Cette collaboration a également des bénéfices plus larges, au niveau de la gestion globale de la classe. Elle est une ouverture à une réflexion sur les difficultés rencontrées par l'ensemble des élèves et les conditions qui favorisent les apprentissages pour tous et peut conduire à modification générale des pratiques au bénéfice de tous.
Elle débouche ainsi sur la construction de nouvelles compétences professionnelles. En ce sens, elle semble en mesure de contribuer à répondre à certains besoins de formation exprimés par les enseignants.

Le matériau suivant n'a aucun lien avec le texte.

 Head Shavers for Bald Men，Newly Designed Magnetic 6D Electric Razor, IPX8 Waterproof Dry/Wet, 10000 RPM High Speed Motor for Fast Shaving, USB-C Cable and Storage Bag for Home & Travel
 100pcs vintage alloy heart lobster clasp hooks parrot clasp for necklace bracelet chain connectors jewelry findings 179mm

Les conditions de la collaboration
Cependant, ces modalités de collaboration satisfaisantes pour les partenaires ne sont pas acquises d'emblée. Elles s'élaborent progressivement dans le temps. Elles demandent de la part des partenaires de s'engager dans un processus de construction commune.

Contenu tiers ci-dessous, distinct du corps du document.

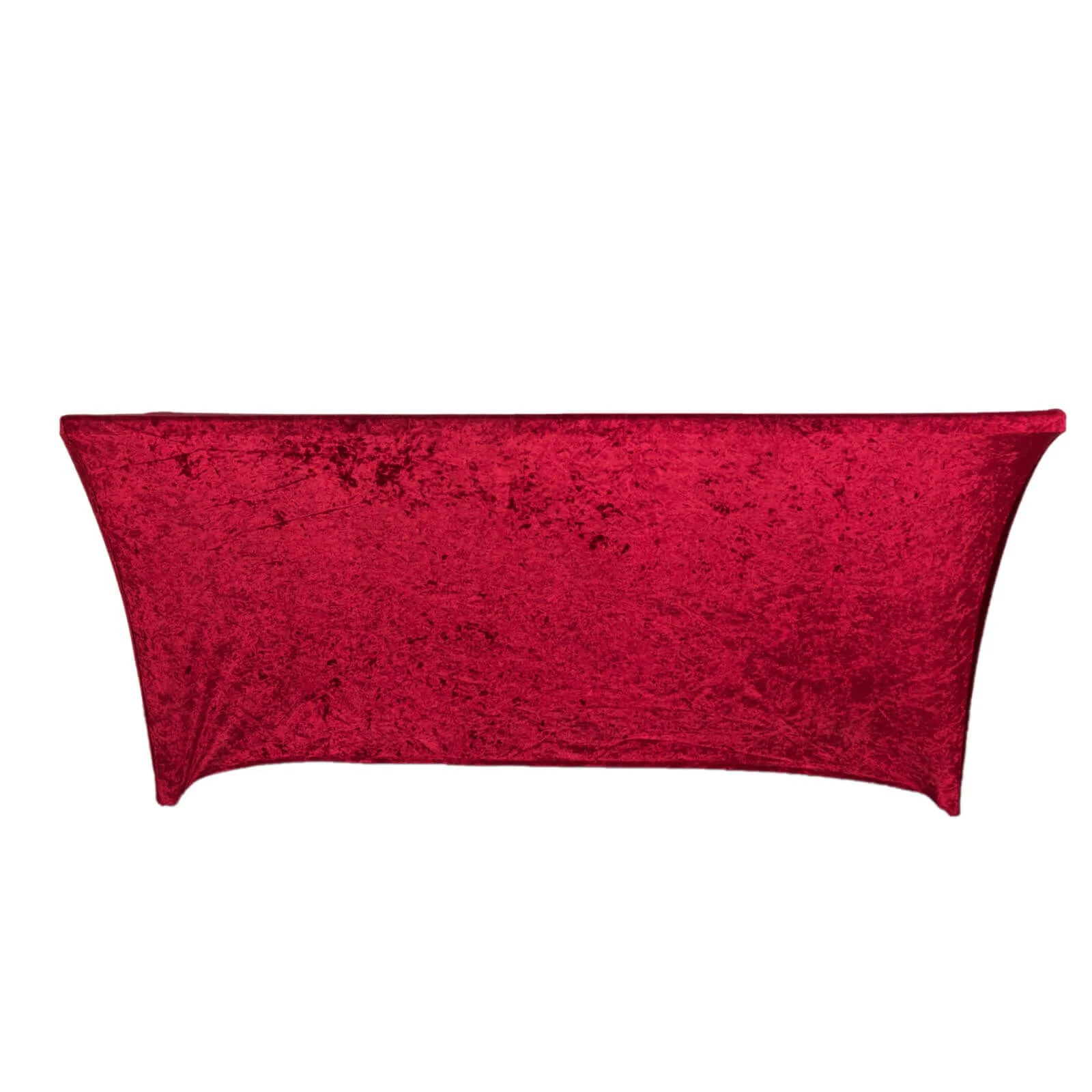 Crushed Velvet Stretch Rectangular Table Cover 6ft Red - Wrinkle-Free Tablecloth - Image 7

On a souvent tendance, a priori, à penser qu'une bonne collaboration repose sur des affinités personnelles ou professionnelles. Cependant, il apparaît que collaborer suscite toujours au départ certaines appréhensions : peur d'avoir à se confronter à un partenaire, à bousculer ses habitudes, peur d'un jugement sur sa pratique, d'un empiètement de prérogatives, surtout lorsqu'une présence commune dans la classe est envisagée. Un ajustement progressif entre les partenaires est nécessaire pour s'accorder sur des modes de travail. L'entente et la confiance mutuelles, dont ils font état comme critères d'une collaboration réussie résultent de cette élaboration.

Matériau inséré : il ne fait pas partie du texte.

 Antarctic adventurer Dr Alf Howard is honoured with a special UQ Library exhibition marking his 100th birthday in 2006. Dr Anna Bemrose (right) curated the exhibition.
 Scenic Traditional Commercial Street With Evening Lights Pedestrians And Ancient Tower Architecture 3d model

Cette construction implique une démarche de négociation entre les partenaires, c'est-à-dire la prise en compte mutuelle des attentes, conceptions de travail et réticences de chacun. Chacun, en effet, en fonction de ses expériences personnelles et professionnelles, est différemment disposé par rapport à l'engagement dans un travail commun. Certains, par exemple, souhaitent que le professionnel spécialisé assure un soutien à l'enfant intégré à l'extérieur de la classe, d'autres préfèrent qu'il intervienne en classe pour permettre à l'enfant de participer aux activités communes.
Cette démarche est à envisager comme un processus évolutif. A partir d'une entente sur une première proposition, même limitée, le travail commun peut évoluer et se développer, en s'appuyant sur la mise en commun et l'analyse des observations sur l'enfant intégré en vue de répondre à ses besoins en fonction de son évolution.

Conclusion
La collaboration entre enseignants et professionnels spécialisés peut être une aide appréciable dans le travail d'intégration, elle facilite la recherche de solutions pédagogiques adaptées. Nous avons pu dégager certaines caractéristiques d'une démarche permettant de parvenir à ce type de collaboration. Il s'agit d'une co-conctruction s'appuyant sur une mise en commun des compétences des partenaires,
La construction de ces modes de travail suppose cependant des conditions d'ordre institutionnel. Ils nécessitent tout d'abord du temps et donc une fréquence et une régularité des rencontres entre partenaires. Ceci implique une reconnaissance institutionnelle de l'intérêt de ce travail commun, c'est-à-dire que des moments et des conditions de rencontres satisfaisantes soient prévus, de part et d'autre, dans l'organisation des établissements.
La formation des personnels, tant de l'éducation ordinaire que de l'éducation spéciale, paraît également avoir un rôle important. Elle pourrait contribuer à préparer ces professionnels à la collaboration, au moins en les sensibilisant aux modalités possibles de travail commun, à ce qu'elles peuvent apporter et aux démarches qui les favorisent. Il serait intéressant que les enseignants comme les spécialistes puissent faireB dans le cadre de stages, l'expérience d'élaborer en commun des projets de collaboration. Mais ces propositions impliquent la possibilité d'organiser des moments de formation communs aux enseignants ordinaires et aux partenaires spécialisés, ce qui suppose une évolution dans les fonctionnements institutionnels.